12. ~♡~

236 56 1
                                    

Złożona na cztery kartka na mojej ławce szczerze mnie zaskoczyła, ale równocześnie przyprawiła o szybsze bicie serca. Czytałem ją chyba pięć razy, nim dotarło do mnie, jak sam sobie zaszkodziłem. Jak bardzo starałem się zrobić coś z niczego, ile pracy mnie czeka, pracy, która może pójść w piach, bo nic nie dzieje się w jedną noc.

Chociaż ja w jeden wieczór straciłem i odzyskałem nadzieję, choć na dwie zupełnie inne rzeczy.

Jeśli tak ma być, to w porządku. Będzie bolało, pewnie mocniej, niż myślę, ale nie chcę udawać, że to wszystko nie miało znaczenia.
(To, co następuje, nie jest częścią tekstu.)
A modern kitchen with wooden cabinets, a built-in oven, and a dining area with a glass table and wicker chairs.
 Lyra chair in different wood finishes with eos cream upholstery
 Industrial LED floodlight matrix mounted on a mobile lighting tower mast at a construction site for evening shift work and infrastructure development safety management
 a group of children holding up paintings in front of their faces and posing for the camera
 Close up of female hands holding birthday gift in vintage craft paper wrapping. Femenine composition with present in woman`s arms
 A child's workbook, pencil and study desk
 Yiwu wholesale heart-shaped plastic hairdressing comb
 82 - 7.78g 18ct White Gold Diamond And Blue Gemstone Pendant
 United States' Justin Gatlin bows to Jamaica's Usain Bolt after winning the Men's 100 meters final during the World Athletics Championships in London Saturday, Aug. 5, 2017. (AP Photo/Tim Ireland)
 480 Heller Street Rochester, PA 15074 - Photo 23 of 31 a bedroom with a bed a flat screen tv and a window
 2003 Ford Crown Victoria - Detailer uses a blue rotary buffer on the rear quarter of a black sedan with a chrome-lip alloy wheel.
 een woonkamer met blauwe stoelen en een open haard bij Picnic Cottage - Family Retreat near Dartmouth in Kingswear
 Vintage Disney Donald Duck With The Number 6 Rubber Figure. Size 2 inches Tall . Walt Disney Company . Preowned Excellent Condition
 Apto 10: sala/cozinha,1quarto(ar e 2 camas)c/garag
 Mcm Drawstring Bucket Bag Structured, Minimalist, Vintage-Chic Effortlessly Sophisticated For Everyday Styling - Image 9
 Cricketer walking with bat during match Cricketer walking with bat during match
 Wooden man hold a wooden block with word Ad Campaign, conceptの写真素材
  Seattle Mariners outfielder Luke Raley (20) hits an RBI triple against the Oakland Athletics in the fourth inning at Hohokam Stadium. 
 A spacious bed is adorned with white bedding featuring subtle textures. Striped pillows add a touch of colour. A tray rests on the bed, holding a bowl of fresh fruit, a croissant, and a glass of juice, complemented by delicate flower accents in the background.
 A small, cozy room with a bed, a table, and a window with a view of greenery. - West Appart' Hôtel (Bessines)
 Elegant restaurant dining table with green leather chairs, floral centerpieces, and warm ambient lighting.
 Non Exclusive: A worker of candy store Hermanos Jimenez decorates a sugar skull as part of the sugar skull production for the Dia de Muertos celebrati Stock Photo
Wolę już siedzieć obok niego, oglądać film i jeść popcorn, aniżeli siedzieć sam u siebie w domu, zastanawiając się, jak to jest być obok niego. Możemy pozostać w kumpelskiej relacji, która mnie złamie.

Chociaż dla tych drobnych chwil. Dla okruszków, które będą musiały mi wystarczyć w jakiś pokręcony sposób. Naprawdę powinienem oczekiwać najgorszego, zamiast myśleć o najlepszym w tak absurdalnych barwach. Czy ja już nie mam rozsądku?

Hoseok. Osoba tak ważna, na wyciągnięcie ręki, prawie mogę go dotknąć, jednak wiem, że to nie skończy się niczym dobrym. Jestem więc tuż obok, pewien, że to najbezpieczniejsze wyjście.

Chyba to właśnie będzie mnie opisywać przez długi czas, pamiętniku.